The Washington Post
WASHINGTON — Most Americans broadly endorse steps taken by the Bush administration to investigate and prosecute suspected terrorists and express little concern that these measures violate the rights of U.S. citizens or others caught up in the ongoing probes, according to a survey by The Washington Post and ABC News.
Six in 10 agree with President Bush that suspected terrorists should be tried in special military tribunals and not in U.S. criminal courts, a proposal that has come under increasing fire from civil libertarians as well as from some influential Democrats and Republicans on Capitol Hill.

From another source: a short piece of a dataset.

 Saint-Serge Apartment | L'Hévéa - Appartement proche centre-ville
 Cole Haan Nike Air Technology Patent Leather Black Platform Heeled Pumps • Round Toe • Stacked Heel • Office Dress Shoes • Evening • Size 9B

Seven in 10 Americans believe the government is doing enough to protect the civil rights of suspected terrorists. An equally large majority believes the government is sufficiently guarding the rights of Arab Americans and American Muslims and noncitizens from Arab and Muslim countries.
The Bush administration is "flying in the face of a lot of influential people, including senior members of the House and Senate from their own party," said Leslie Gelb, president of the Council on Foreign Relations. "Instead, they’re relying on public opinion."
Nearly three out of four of those surveyed also agree that it should be legal for the federal government to wiretap conversations between suspected terrorists and their attorneys. An even larger majority — 79 percent — supports plans by federal prosecutors to interview about 5,000 young men here on temporary visas from the Middle East. And nearly nine in 10 believe the United States is justified in detaining about 600 foreign nationals for violating immigration laws.
"If we keep going the way we’re going with civil liberties, other countries are going to see us as a patsy," said Marta Salcedo, a dental office manager in Manhattan. "You have to change with the times."
Salcedo said she had little regard for the rights of suspects held in connection with the attacks. "They should torture them," she said. "Sometimes you have to do things that are uncivilized."
The apparent willingness of many Americans to place security above civil rights protections comes as no surprise to experts on public opinion.
"In periods of high stress and threat, support for civil liberties goes down," said George Marcus, a political scientist at Williams College. "Most Americans don’t think of rights as unqualified or universal. There are two codicils: rights are only for us American citizens; and two, rights assume that people are going to use them wisely or responsibly."